Riko berjalan gontai menuju apartemennya. Dia ingin segera sampai, namun langkah terasa berat, sehingga membutuhkan waktu yang lebih lama tak seperti biasanya.
Tiba di apartemen, Riko membanting tubuhnya disofa dan mendengkur. Jam dinding menunjuk pukul dua dini. Selanjutnya senyap tertelan pagi.
Riko terbangun saat gajetnya berdering, tubuhnya lemah. Dia menggapai gawai dan berbicara malas.
"Helo?" terdengar suara jawaban disebrang yang kurang jelas.
"Sorry bro, aku lagi kurang sehat", Riko menyahut singkat dan memutus kontak.

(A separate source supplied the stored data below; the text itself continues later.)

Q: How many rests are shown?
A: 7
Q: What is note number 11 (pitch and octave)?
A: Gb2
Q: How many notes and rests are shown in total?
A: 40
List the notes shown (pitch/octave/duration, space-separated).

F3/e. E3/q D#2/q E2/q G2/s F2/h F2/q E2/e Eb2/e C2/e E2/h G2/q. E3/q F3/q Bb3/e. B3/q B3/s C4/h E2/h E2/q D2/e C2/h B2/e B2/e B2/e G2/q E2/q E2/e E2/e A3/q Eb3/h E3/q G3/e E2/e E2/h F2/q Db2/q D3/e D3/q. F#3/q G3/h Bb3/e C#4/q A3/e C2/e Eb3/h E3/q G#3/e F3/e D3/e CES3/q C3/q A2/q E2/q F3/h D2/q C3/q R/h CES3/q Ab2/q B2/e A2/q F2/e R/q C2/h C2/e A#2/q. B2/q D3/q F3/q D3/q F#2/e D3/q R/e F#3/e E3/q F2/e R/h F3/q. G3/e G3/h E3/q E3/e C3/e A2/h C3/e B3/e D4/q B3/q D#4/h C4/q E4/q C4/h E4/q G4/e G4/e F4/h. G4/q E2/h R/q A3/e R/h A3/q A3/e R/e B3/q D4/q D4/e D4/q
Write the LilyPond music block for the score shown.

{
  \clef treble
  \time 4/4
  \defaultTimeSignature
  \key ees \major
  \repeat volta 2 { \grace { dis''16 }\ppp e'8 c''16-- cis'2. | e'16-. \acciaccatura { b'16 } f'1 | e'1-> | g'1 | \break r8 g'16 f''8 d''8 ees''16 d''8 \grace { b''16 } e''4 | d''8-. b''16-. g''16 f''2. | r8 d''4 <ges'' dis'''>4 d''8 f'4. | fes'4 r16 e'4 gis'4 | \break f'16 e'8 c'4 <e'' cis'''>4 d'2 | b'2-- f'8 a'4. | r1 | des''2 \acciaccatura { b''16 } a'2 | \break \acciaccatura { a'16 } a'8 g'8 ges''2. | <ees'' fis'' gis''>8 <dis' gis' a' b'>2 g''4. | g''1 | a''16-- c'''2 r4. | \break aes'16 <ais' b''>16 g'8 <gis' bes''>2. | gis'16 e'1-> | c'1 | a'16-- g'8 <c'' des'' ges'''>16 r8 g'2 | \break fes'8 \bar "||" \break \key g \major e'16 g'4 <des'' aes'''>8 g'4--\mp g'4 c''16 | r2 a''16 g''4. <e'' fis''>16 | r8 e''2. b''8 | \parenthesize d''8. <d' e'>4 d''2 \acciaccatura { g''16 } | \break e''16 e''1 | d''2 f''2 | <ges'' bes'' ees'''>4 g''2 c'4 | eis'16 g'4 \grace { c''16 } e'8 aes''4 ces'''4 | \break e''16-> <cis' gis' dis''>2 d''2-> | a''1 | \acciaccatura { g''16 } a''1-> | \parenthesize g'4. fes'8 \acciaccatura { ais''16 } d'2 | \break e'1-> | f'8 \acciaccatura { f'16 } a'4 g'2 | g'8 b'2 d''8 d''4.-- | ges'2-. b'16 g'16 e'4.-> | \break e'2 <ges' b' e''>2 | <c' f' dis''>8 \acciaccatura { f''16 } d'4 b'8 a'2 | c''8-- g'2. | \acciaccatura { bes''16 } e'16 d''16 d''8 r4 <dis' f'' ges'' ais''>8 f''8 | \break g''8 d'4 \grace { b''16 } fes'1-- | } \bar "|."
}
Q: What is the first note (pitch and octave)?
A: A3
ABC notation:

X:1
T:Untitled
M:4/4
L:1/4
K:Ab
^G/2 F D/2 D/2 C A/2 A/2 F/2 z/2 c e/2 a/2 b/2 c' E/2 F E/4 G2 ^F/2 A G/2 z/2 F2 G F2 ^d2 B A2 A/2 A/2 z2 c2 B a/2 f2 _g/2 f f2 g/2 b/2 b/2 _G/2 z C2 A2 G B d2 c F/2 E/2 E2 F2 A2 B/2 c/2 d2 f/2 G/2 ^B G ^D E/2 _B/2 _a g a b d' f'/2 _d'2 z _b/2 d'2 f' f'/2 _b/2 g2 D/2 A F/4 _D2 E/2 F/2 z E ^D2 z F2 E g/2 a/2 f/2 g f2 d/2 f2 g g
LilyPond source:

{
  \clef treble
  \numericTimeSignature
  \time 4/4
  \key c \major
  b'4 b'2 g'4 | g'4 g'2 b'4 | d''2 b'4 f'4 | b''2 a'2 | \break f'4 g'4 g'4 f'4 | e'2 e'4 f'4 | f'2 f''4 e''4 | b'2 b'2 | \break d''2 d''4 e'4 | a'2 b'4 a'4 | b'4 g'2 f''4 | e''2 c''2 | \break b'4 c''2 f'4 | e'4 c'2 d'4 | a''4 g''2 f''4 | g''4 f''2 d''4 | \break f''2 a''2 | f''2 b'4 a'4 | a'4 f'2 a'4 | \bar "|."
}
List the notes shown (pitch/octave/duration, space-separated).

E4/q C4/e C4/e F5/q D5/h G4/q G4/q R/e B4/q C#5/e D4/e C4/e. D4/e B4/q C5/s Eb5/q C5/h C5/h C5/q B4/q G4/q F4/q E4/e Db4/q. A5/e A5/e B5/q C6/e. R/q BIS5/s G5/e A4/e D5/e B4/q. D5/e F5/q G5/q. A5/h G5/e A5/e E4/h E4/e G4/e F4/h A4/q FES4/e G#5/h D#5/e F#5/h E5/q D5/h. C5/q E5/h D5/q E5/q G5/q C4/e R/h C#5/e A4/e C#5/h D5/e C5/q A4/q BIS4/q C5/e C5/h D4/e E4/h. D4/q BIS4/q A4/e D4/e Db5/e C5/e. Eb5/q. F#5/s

Mencoba bangkit dari sofa, tubuhnya terasa ringan lalu berjalan sempoyongan ke peturasan. Kepalanya berdenyut disisi kanan, Riko tak tahan, dia meminum obat antipus, anti pusing.
Sedikit reda, wajarnya manusia, Riko mandi dilanjut sarapan kemudian cekidot.
Pagi ini dia menjadi dosen tamu di universitas negri top markotop, mahasiswa tak sabar menanti. Riko memang mashyur di segala kampus sebagai dosen jenius. Meski hanya S1, pola pikirnya selevel S3. Dia kurang suka dengan gelar, karena HP saja sekarang sudah S9, katanya. Dia juga seorang pengamat politik yang diakui canggih. Ulasan dan frasanya selalu dirindukan oleh masyarakat. Beberapa media mainstream seperti mendewakannya dan mematok enggak ada loe enggak enjoss.
Tapi sayang mereka harus kecewa, Riko tampak absen untuk aktivitas hari ini. Setelah satu minggu dengan jadual super padat, Riko drop. Badan remek, mata berkunang kunang disertai sakit kepala dahsyat. Tiba dikampus, Riko memberitahukan perihal kondisinya sehingga tak bisa menguliahi mahasiswa.
Riko terhuyung kembali ke apartemen, jalannya tidak bisa lempeng selalu mencong kekiri. Riko gelisah dan berniat tidur seharian untuk recovery.
Sehari semalam Riko terkapar, pagi ini bangun dengan kondisi tubuh woke. Dia tersenyum menyambut fajar. Gosok gigi dan sarapan disiapkan sendiri. Oh iya, Riko masih jomblo, meski sudah sedikit karat tapi masih maknyus.